(WORK REQUEST) Beginning at the line that holds "Fig. 1. Kaplan-Meier", transcribe each line exactly through the end of the records, and leave any pictures out.

:: MATERIAL FOR THIS TASK ::

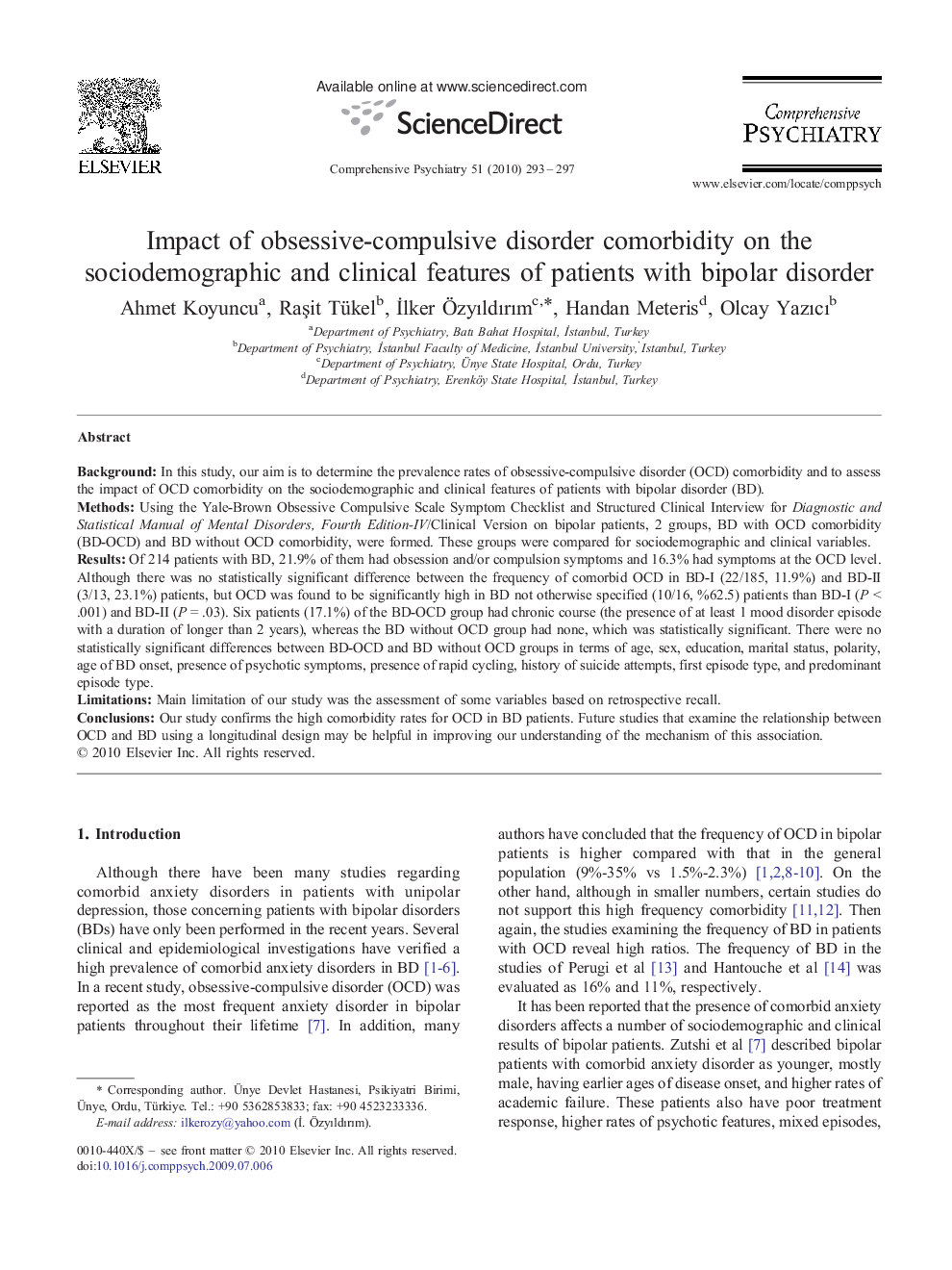 Impact of obsessive-compulsive disorder comorbidity on the sociodemographic and clinical features of patients with bipolar disorder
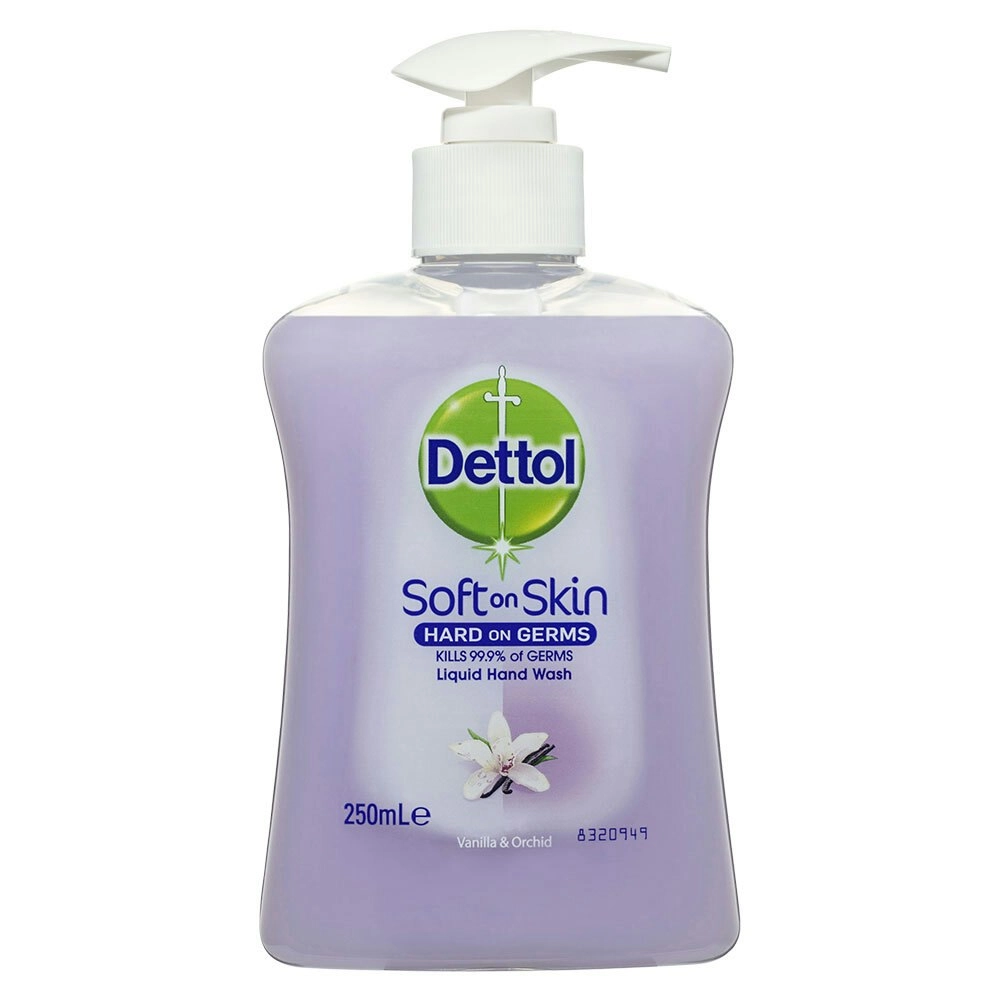 Dettol 250ml Liquid Soft on Skin Hand Wash Antibacterial Vanilla/Orchid w/ Pump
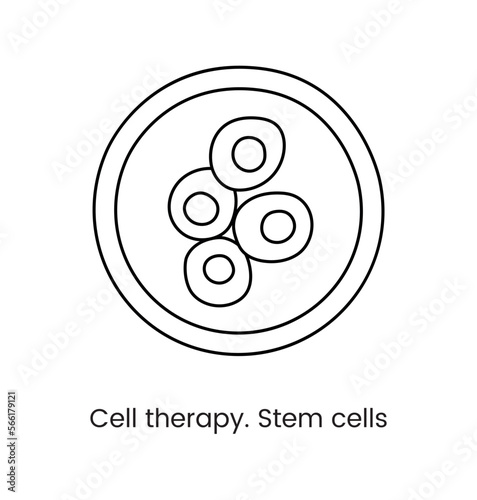 Cell therapy icon line in vector, medical illustration of stem cells.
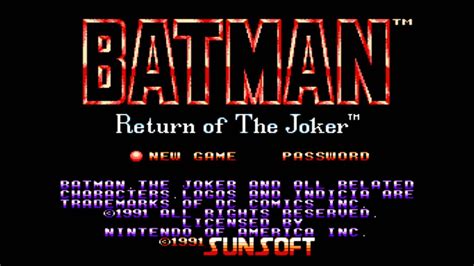 Batman Return Of The Joker Title Screen NES Genesis YouTube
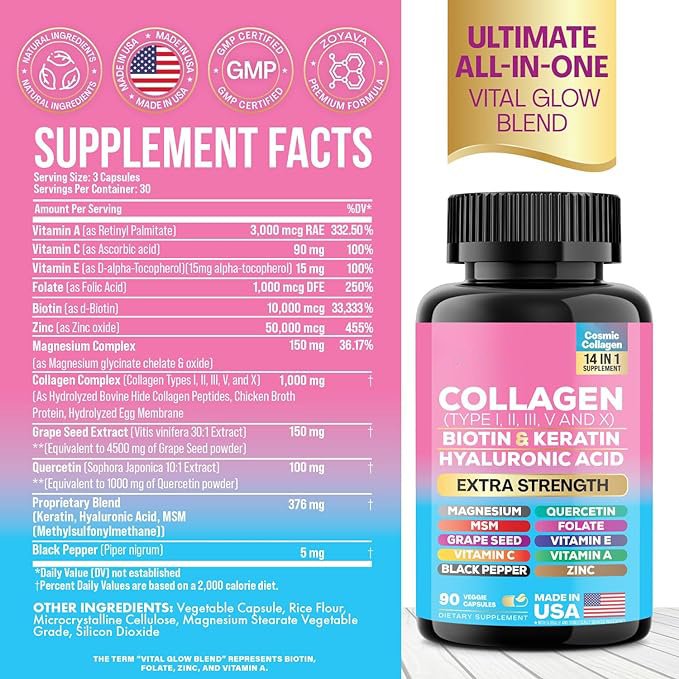 Private Label Collagen Capsule Peptides Types I, II, III, V & X with Hyaluronic Acid 90 Capsule for Skin Care Supplement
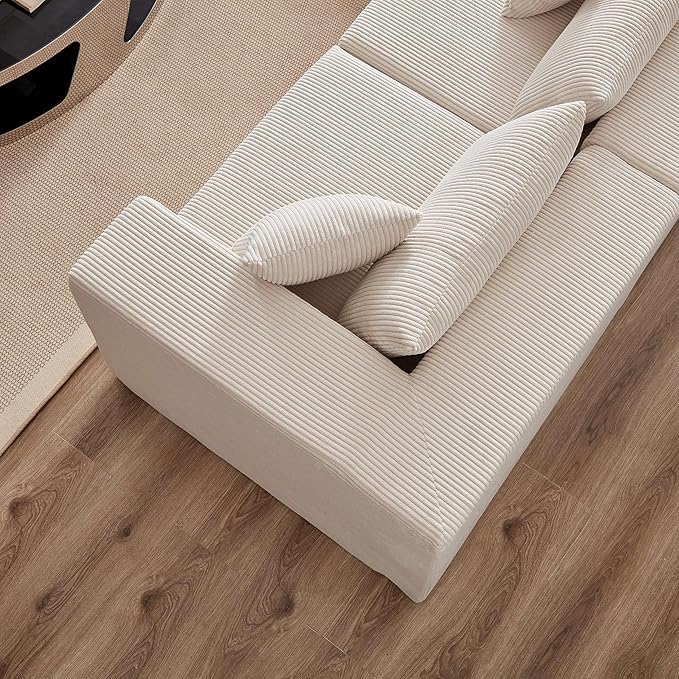 104” Modular Cloud Sectional Couch with Chaise Tiktok Viral Cloud Compressed Foam couches in a Box L-Shape Sofa Bed Boneless Couch for Living Roomno Assembly RequiredBeige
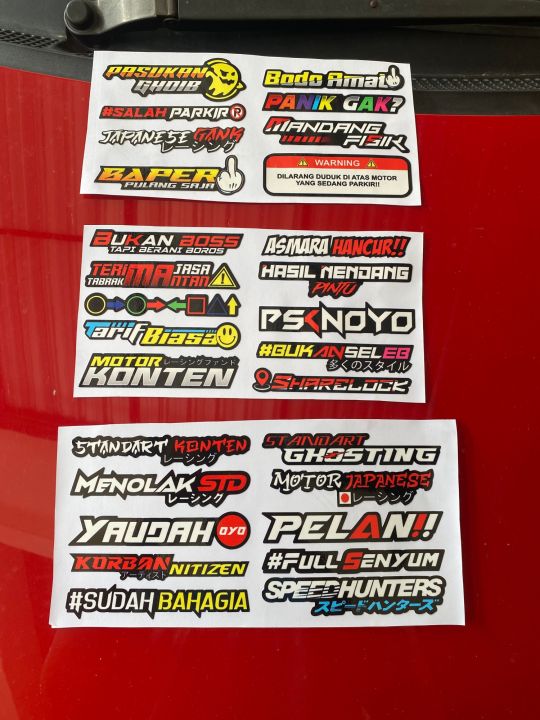 Kata Racing STICKER PACK KATA KATA RACING SUDAH DI CUTTING STIKER VIRAL STIKER ...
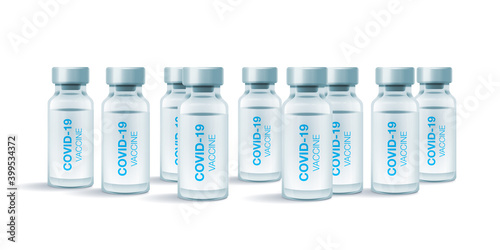 COVID-19 Vaccine. Medical vial for injection isolated on white background. Concept for medicine and healthcare, vaccination and fight against coronavirus. Vector Illustration.
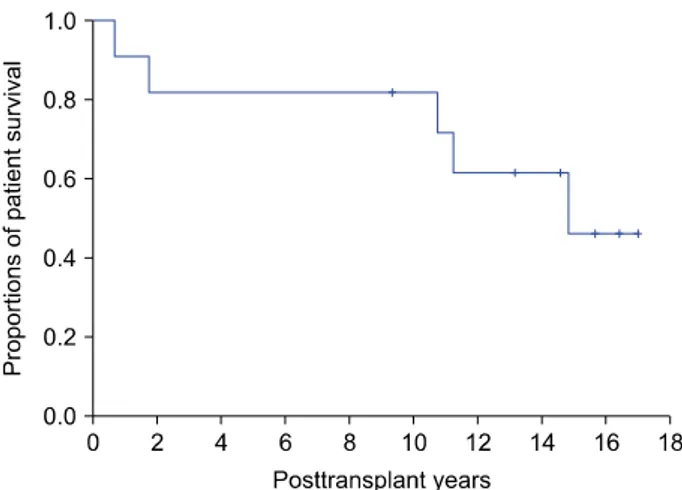 Fig. 1. Kaplan-Meier analysis of overall patient survival in  11 patients who underwent simultaneous liver-kidney  trans-plantation.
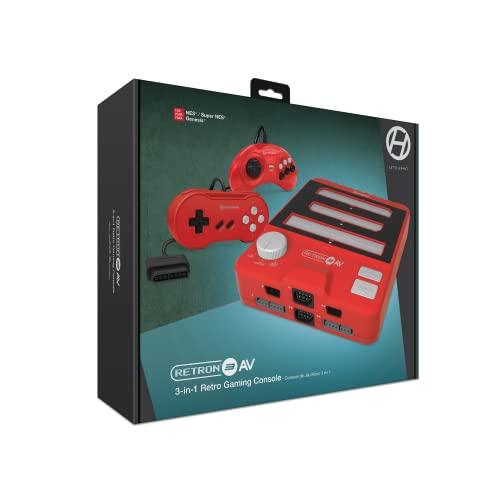 Hyperkin RetroN 3 AV Console, Red | Retro All-in-One for NES®/SNES®/Genesis® (Mega Drive) with AV Output Cable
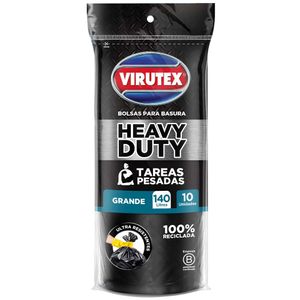 Bolsa de Basura Antibacterial VIRUTEX Heavy Duty 140l Paquete 10un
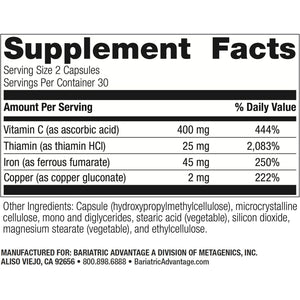 Bariatric Advantage Iron 45 Mg with Vitamin C for Gastric Bypass and Sleeve Gastrectomy Surgery Patients - 60 Count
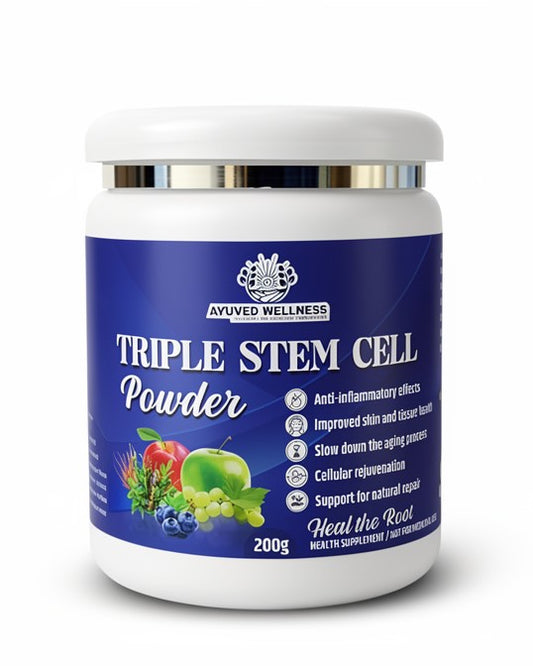 Triple Stem Cell Powder – Apple & Grape Stem Cell Extract | Anti-Aging Herbal Supplement for Immunity, Energy & Skin Health 200 g Advanced Fruit Stem Cells | Cell Renewal | 200g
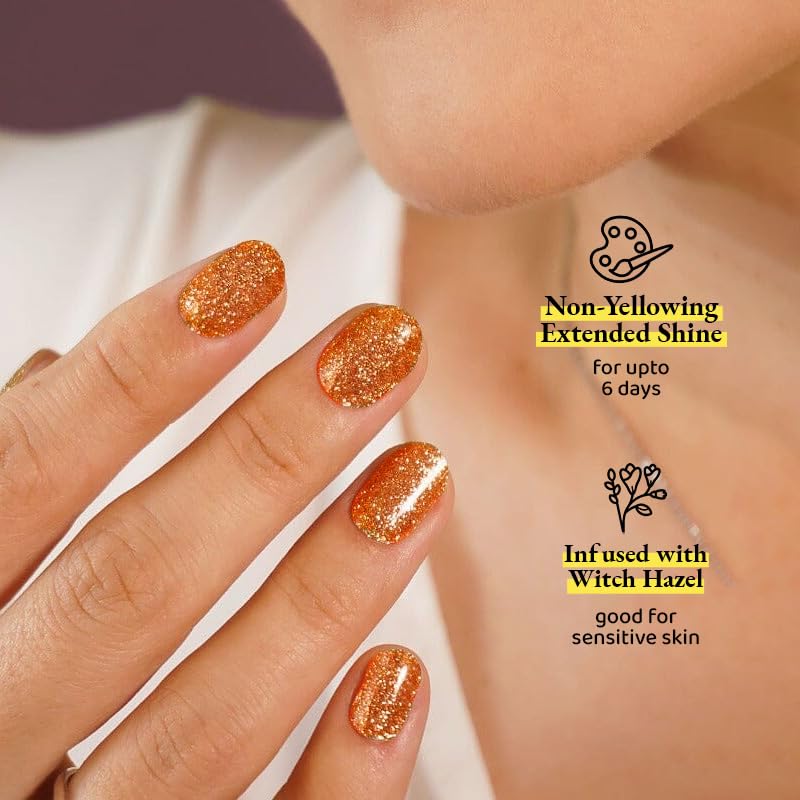 Image of Elitty Nail Polish For Women, Long Lasting Nail Coats, 12 Toxin Free, Infused with Witch Hazel, Vit E, Vegan & Cruelty Free, Shimmer - Y2K Baddie (Rusty Orange), 6 ML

:::

(OUTPUT OF THE TASK)
 Fig. 1. Kaplan-Meier analysis of overall patient survival in  11 patients who underwent simultaneous liver-kidney  trans-plantation.
 Hyperkin RetroN 3 AV Console, Red | Retro All-in-One for NES®/SNES®/Genesis® (Mega Drive) with AV Output Cable
 Bolsa de Basura Antibacterial VIRUTEX Heavy Duty 140l Paquete 10un
 Bariatric Advantage Iron 45 Mg with Vitamin C for Gastric Bypass and Sleeve Gastrectomy Surgery Patients - 60 Count
 Triple Stem Cell Powder – Apple & Grape Stem Cell Extract | Anti-Aging Herbal Supplement for Immunity, Energy & Skin Health 200 g Advanced Fruit Stem Cells | Cell Renewal | 200g
 Image of Elitty Nail Polish For Women, Long Lasting Nail Coats, 12 Toxin Free, Infused with Witch Hazel, Vit E, Vegan & Cruelty Free, Shimmer - Y2K Baddie (Rusty Orange), 6 ML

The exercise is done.